:: Working data

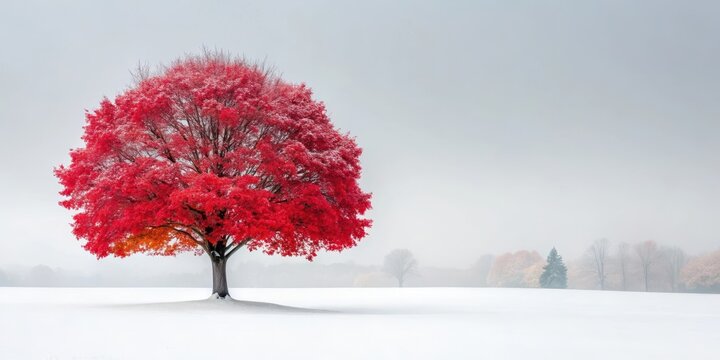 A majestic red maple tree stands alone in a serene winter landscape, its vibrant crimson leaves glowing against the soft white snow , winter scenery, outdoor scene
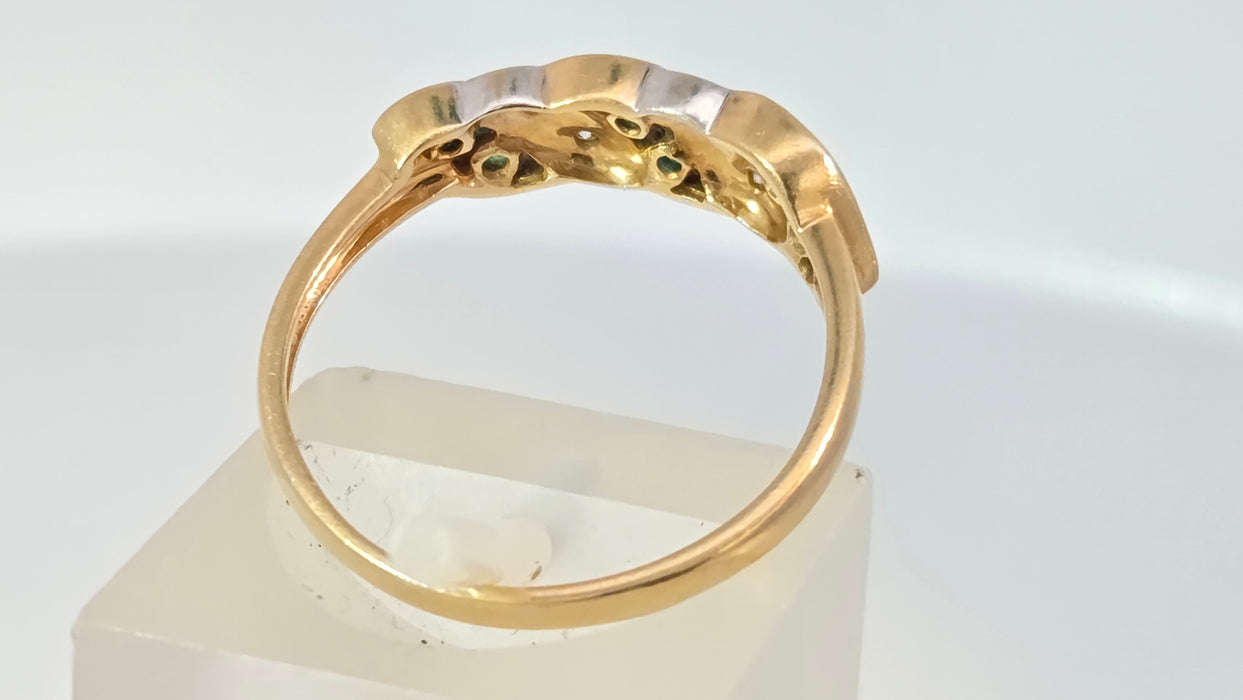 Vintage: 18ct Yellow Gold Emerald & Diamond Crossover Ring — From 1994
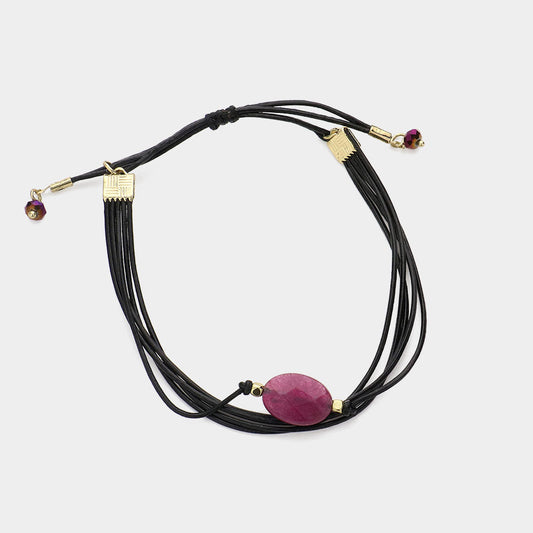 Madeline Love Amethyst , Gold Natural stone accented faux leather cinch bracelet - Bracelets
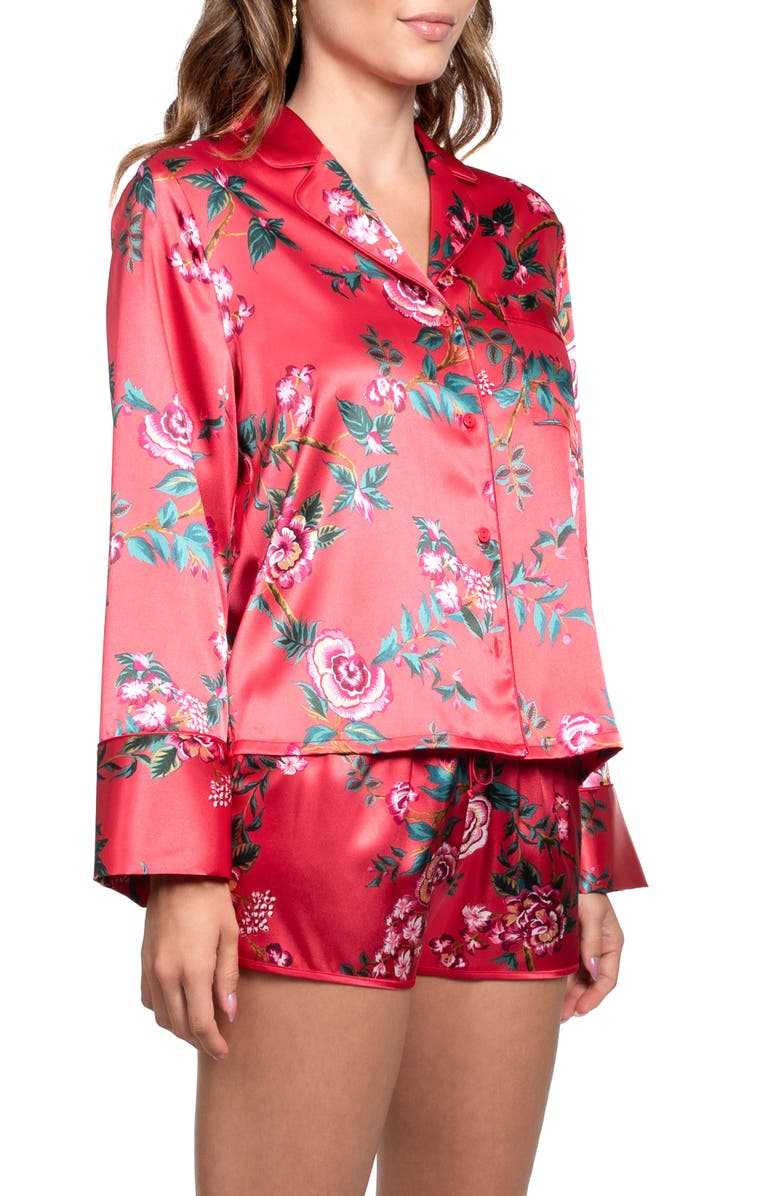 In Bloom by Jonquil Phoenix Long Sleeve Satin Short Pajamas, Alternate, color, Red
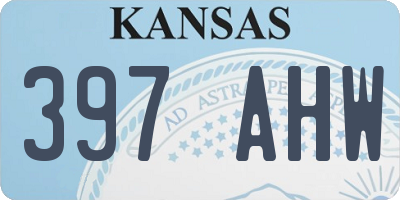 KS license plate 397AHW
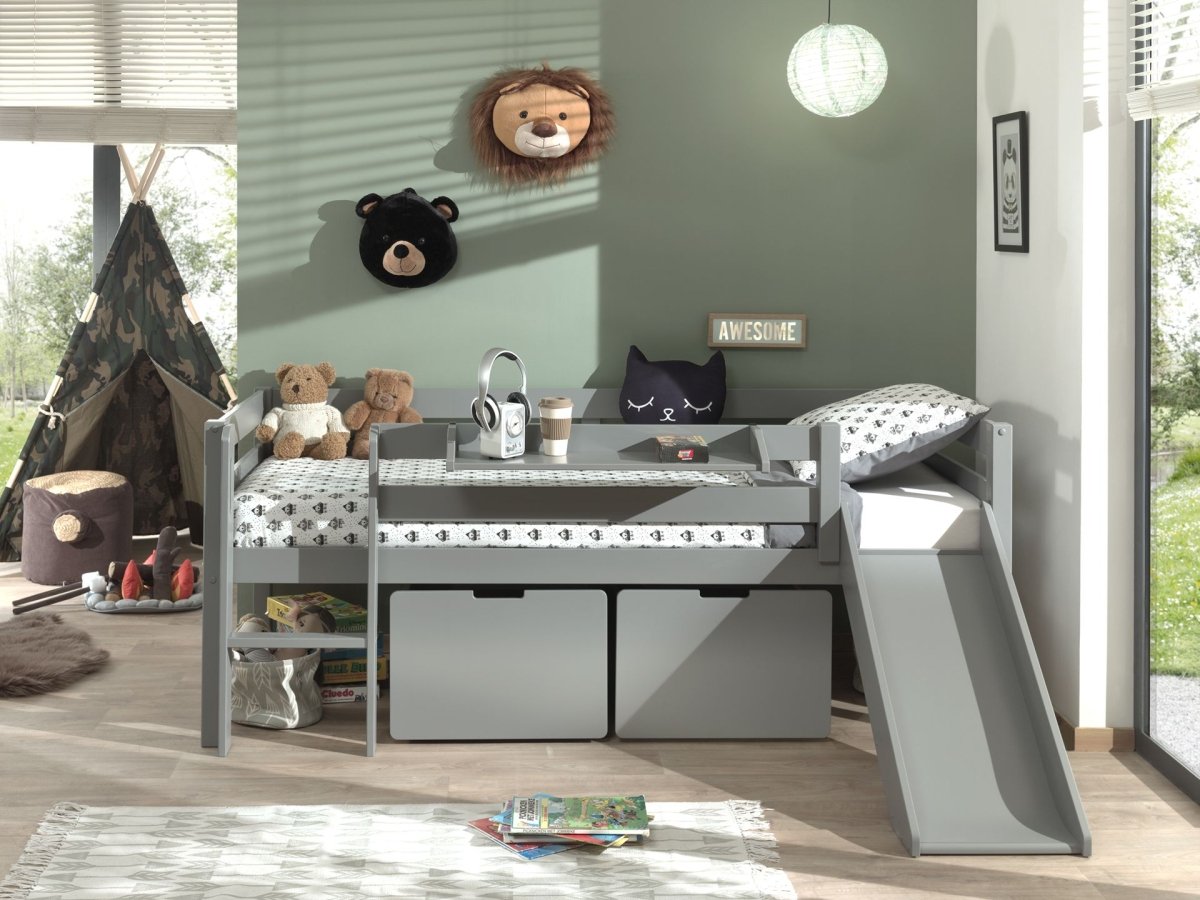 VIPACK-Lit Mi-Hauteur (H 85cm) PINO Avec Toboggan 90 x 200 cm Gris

::::

What is needed:
Please reproduce every entry above exactly, but leave out the pictures.

Expected answer:
 A majestic red maple tree stands alone in a serene winter landscape, its vibrant crimson leaves glowing against the soft white snow , winter scenery, outdoor scene
 Vintage: 18ct Yellow Gold Emerald & Diamond Crossover Ring — From 1994
 Madeline Love Amethyst , Gold Natural stone accented faux leather cinch bracelet - Bracelets
 In Bloom by Jonquil Phoenix Long Sleeve Satin Short Pajamas, Alternate, color, Red
 KS license plate 397AHW
 VIPACK-Lit Mi-Hauteur (H 85cm) PINO Avec Toboggan 90 x 200 cm Gris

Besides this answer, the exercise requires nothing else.